En aquel lugar existía un pequeño puente. Lo lógico es que las tropas españolas se hubieran atrincherado a un lado del río, con el puente de frente, esperando la embestida de los franceses.
Evidentemente, lo más normal es que hubiera habido muchos muertos, pero también es verdad que hubieran soportado mejor el ataque francés y no hubieran sufrido tantas bajas.
Por el contrario, parece ser que el general Cuesta, dio la orden de atravesar el puente y recibir el ataque francés, con el puente a sus espaldas, lo cual era un auténtico suicidio, porque ellos mismos se cortaban su retirada.
Por lo visto, en un principio, los franceses, se mosquearon mucho, pensando que habría gato encerrado y, seguramente, los españoles les tendrían preparada alguna emboscada.
No obstante, atacaron las posiciones españolas y, como es de suponer, provocaron una gran masacre, porque, a la primera carga, muchos españoles huyeron horrorizados ante la veterana Caballería francesa.
Parece ser que, tras esta derrota, José I y sus partidarios pensaron que podrían atraerlo a su bando y llegaron a ofrecerle el cargo de virrey en Nueva España (actualmente, México), pero él lo rechazó.

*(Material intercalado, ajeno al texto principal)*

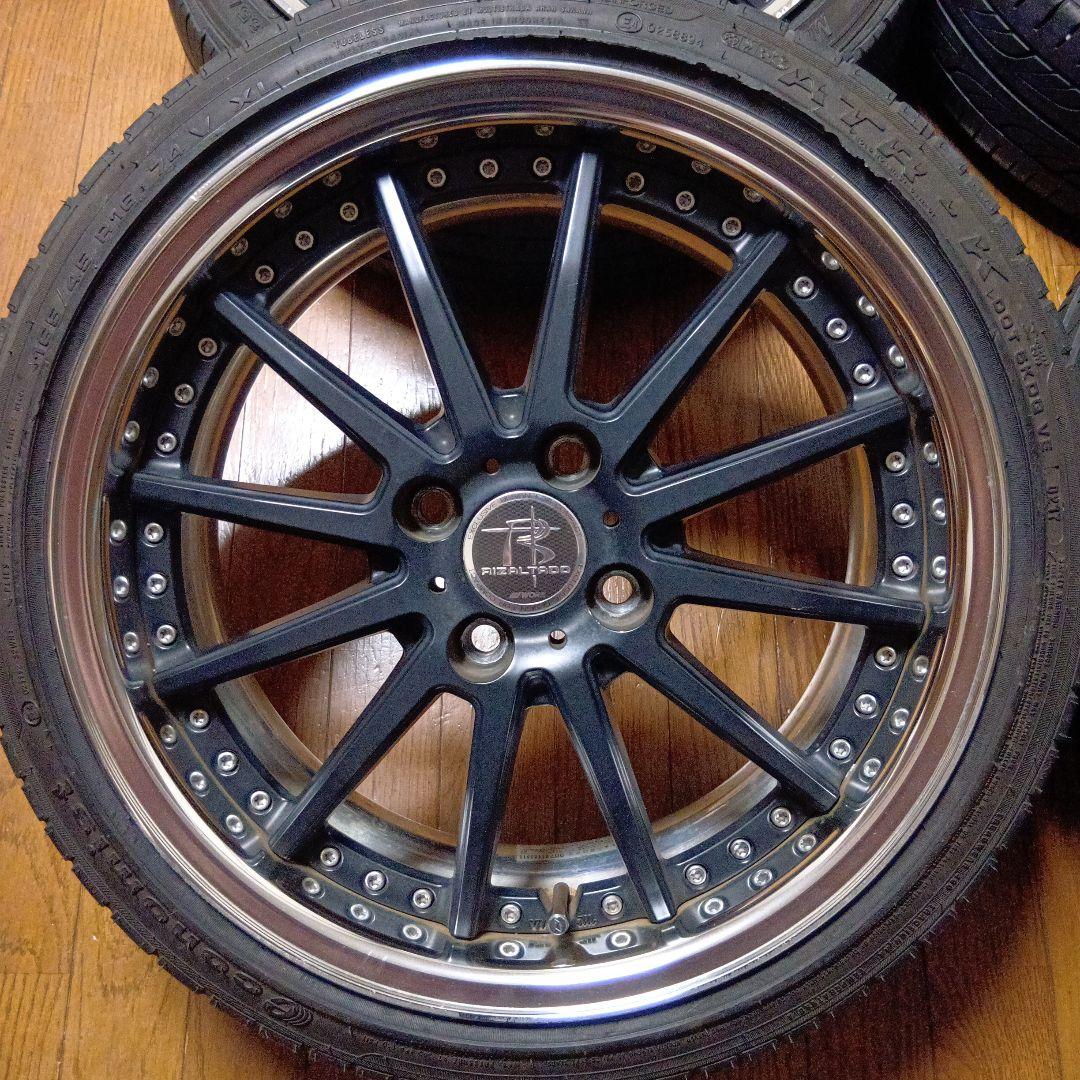 まぁ　リザルタード　6J 6.5J １６インチ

De hecho, redactó una proclama, donde, en uno de sus párrafos se advertía: “El objeto de Napoleón es hacernos esclavos de la Francia, llevarnos a países remotos a servir a sus caprichos y sacarnos todas nuestras riquezas”. Más adelante, puede leerse: “¿Qué dirán las demás naciones al vernos abatidos y reducidos a una mísera colonia de esclavos?”
Posteriormente, se retiró con las fuerzas que le quedaban hacia la zona de Benavente. Allí contactó con las fuerzas de Galicia, mandadas por el general español Joaquín Blake, más algunas
tropas de voluntarios castellanos y asturianos.
Parece ser que decidieron recuperar Valladolid, que había sido ocupado por los franceses. Por lo visto, no se coordinaron nada bien. Sin embargo, el general francés Bessieres, el mismo que ya le había derrotado en Cabezón del Pisuerga, sí que estaba al corriente de los movimientos de sus oponentes.
Así que aprovechó que marchaban como dos ejércitos totalmente separados, para así machacar primero a uno y luego al otro. Los combates tuvieron lugar en la localidad vallisoletana de Medina de Rioseco.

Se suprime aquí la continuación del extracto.